Fishing on the Chesapeake. Bay Journal photo

By Karl Blankenship
Bay Journal

The year 2010 closed with the unveiling of a new Chesapeake Bay cleanup plan lauded by states, federal officials and environmentalists as the rigorous, concrete and enforceable plan that would finally deliver on the promise of a clean and healthy Bay.

Ten years later, a new decade has opened with the restoration effort unlikely to meet its deadline, the regional partnership mired in acrimony and threats of lawsuits — topped with questions about the U.S. Environmental Protection Agency’s willingness and ability to enforce its own cleanup plan.

“This has come to a boil now,” summed up Sen. Chris Van Hollen, D-MD, at a Senate hearing on Jan. 8. “This is a moment we need absolute clarity and an enforceable program to hit the targets in 2025.”

Hours later, Maryland Gov. Larry Hogan said he was directing state Attorney General Brian Frosh to initiate legal actions against Pennsylvania, citing the “obvious inadequacy” of its Bay cleanup plan, and against the EPA, which he said has “no intention” of forcing Maryland’s northern neighbor to do more.

Environmental groups are considering their own legal options.
And Van Hollen, joined by 19 other members of Congress, fired off a detailed letter to EPA Administrator Andrew Wheeler demanding “immediate steps to demonstrate EPA’s commitment and accountability to the restoration of the Chesapeake Bay.”

The boiling point came after the EPA released a review at the end of December acknowledging that Pennsylvania — the largest source of water-fouling nutrients in the Bay — had submitted a plan that fell far short of its cleanup goal. Nonetheless, the EPA declined to take any of the actions it had repeatedly threatened to impose to prod greater progress from the state.

Then, at a Jan. 3 meeting of the legislative Chesapeake Bay Commission, EPA Bay Program Director Dana Aunkst described the region’s 2025 cleanup deadline as “aspirational” and said that the Chesapeake Bay Total Maximum Daily Load is “not an enforceable document.” (See Can the EPA enforce the Chesapeake Bay’s ‘pollution diet’?)

The environmental community widely saw Aunkst’s comments as stepping away from the EPA’s commitment to provide a backstop for Bay goals, even as their frustration over Pennsylvania was mounting.

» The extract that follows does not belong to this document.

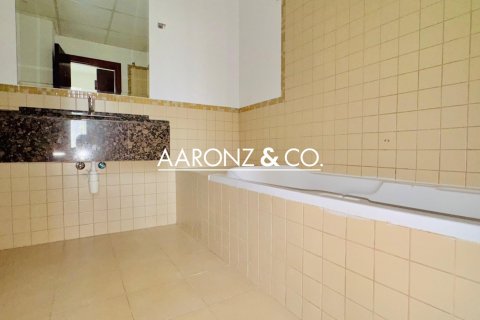 Квартира с 2 спальнями в Джумейра Бич Резиденс, ОАЭ №155279 20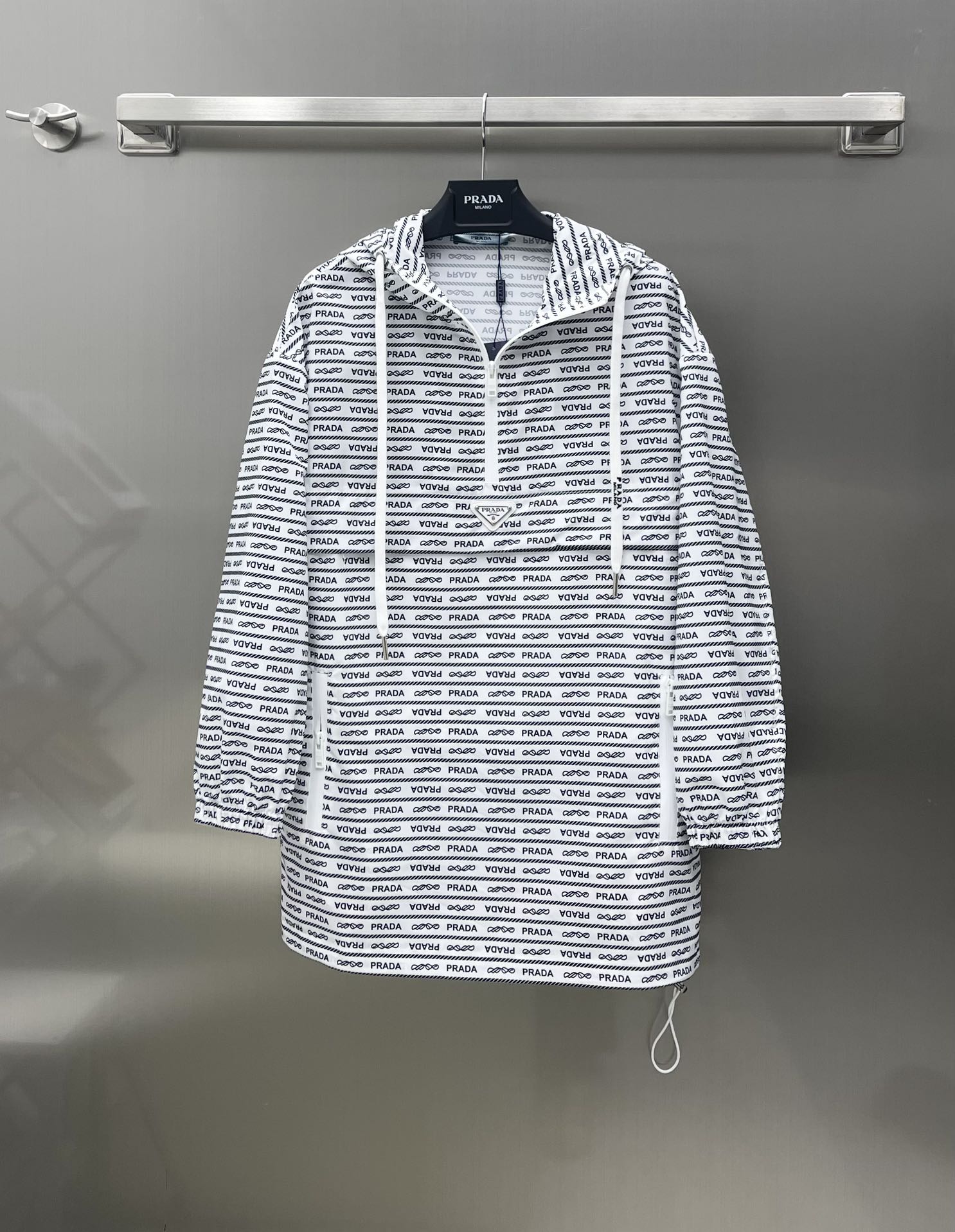 NO:696783,Prad* new product launches sun protection printed jacket. Customized sun protection index material makes the garment crisp and stylish. Stylish contrasting letter print pattern. High-end and western style. Jacket style design. Matches series items. Convenient to go out. Fashionable upper body. Age-reducing artifact. Suitable for all body types. Series development. Recommended in this issue. Must-have. High version 2 colors, prada,19860909Prad* 新品上架防晒印花冲锋衣 定制防晒指数材质 让成衣挺括有型 时尚的撞色字母印花图案 高级洋气 冲锋衣版型设计 搭配系列单品 便捷出门 上身洋气时尚 减龄神器 适合所有体型 系列开发 本期推荐 人手必备 高版本2色,,prada,,Women's clothing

The Choose Clean Water Coalition, a network of more than 200 organizations, said it was “stunned” by the remarks. The Maryland League of Conservation Voters called it a “profoundly sad and disappointing moment in Bay history,” and the Chesapeake Bay Foundation said it “should put fear in the hearts of all who care about clean water.”

EPA Region III issued a follow-up statement insisting that it “remains steadfast in its commitment to helping our partners implement the Chesapeake Bay [cleanup plan] to ensure the Bay and local waters are protected and restored.”

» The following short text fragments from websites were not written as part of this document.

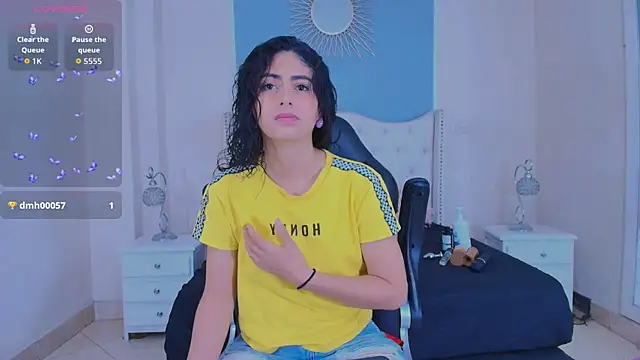 elizabeth santos1 online show from 04-13-26, 10:03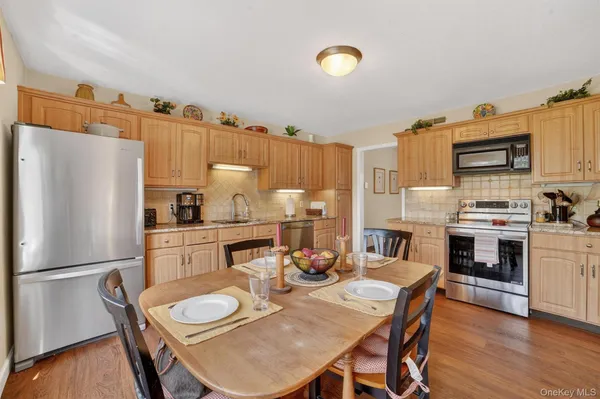 $875,000 | 969 Heritage Hills, Unit D, Somers, NY 10589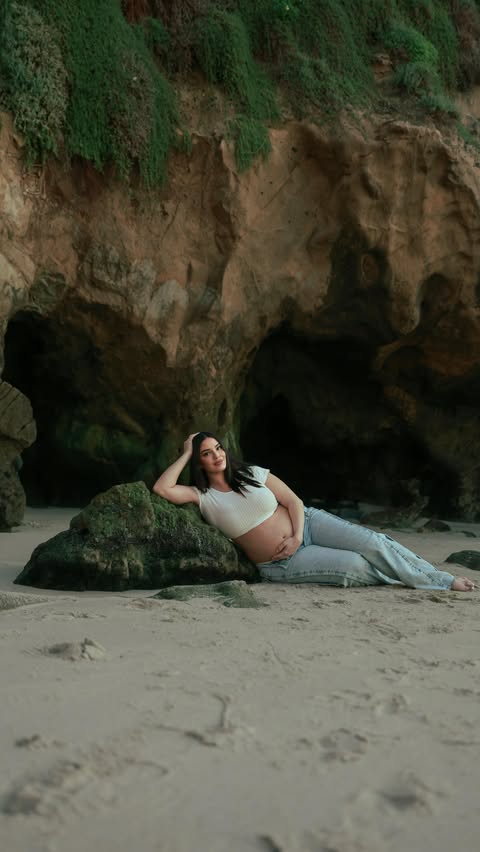 Instagram post by @nakelledoll for Bump Boxes. Caption reads: Pregnancy is hard, but @bumpboxes truly gives me....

But within days, Hogan was calling for legal action, and mounting concerns over the EPA’s commitment became a hot topic at a U.S. Senate Environment and Public Works Committee hearing.

“We need all the states and the EPA to step up and play their appropriate roles,” Maryland Environment Secretary Ben Grumbles told Van Hollen at the hearing. “Pennsylvania, in particular, has woefully fallen short … But the interstate umpire, the EPA [needs] to have the courage to step up and use the regulatory backstops that are available,” he added. “It is not an aspirational role. It is an enforceable TMDL.”

Years of backsliding

Though the problem has finally “come to a boil,” it has been simmering for years.

Starting in 1983, the states and the EPA have been promising to deliver a healthy Chesapeake. But they missed pollution reduction goals set for 2000, and then for 2010, by wide marks.

Recognizing that their largely voluntary efforts had failed, the state-federal Bay Program partnership in 2007 established a new cleanup deadline of 2025. The states and EPA began crafting a new, more enforceable cleanup plan: the Chesapeake Bay Total Maximum Daily Load, often called the Bay’s “pollution diet.”

The ultimate goal remained unchanged: clearing the Bay’s murky water and eliminating its oxygen-starved “dead zone.” The TMDL established the maximum amount of nutrients and sediment the Bay could receive from each state and major river and still achieve those clean water goals.

The TMDL also included an “accountability framework” in which states were to write plans showing how they would meet those goals. To keep efforts on track, states set interim two-year cleanup goals, which are evaluated by the EPA and reported to the public.

If states fell short, the agency could take a variety of actions, such as forcing even greater — and more costly — reductions from wastewater plants than states had planned; regulating smaller animal operations than normally covered by federal programs; withholding water grants; taking over state permit programs; or other actions.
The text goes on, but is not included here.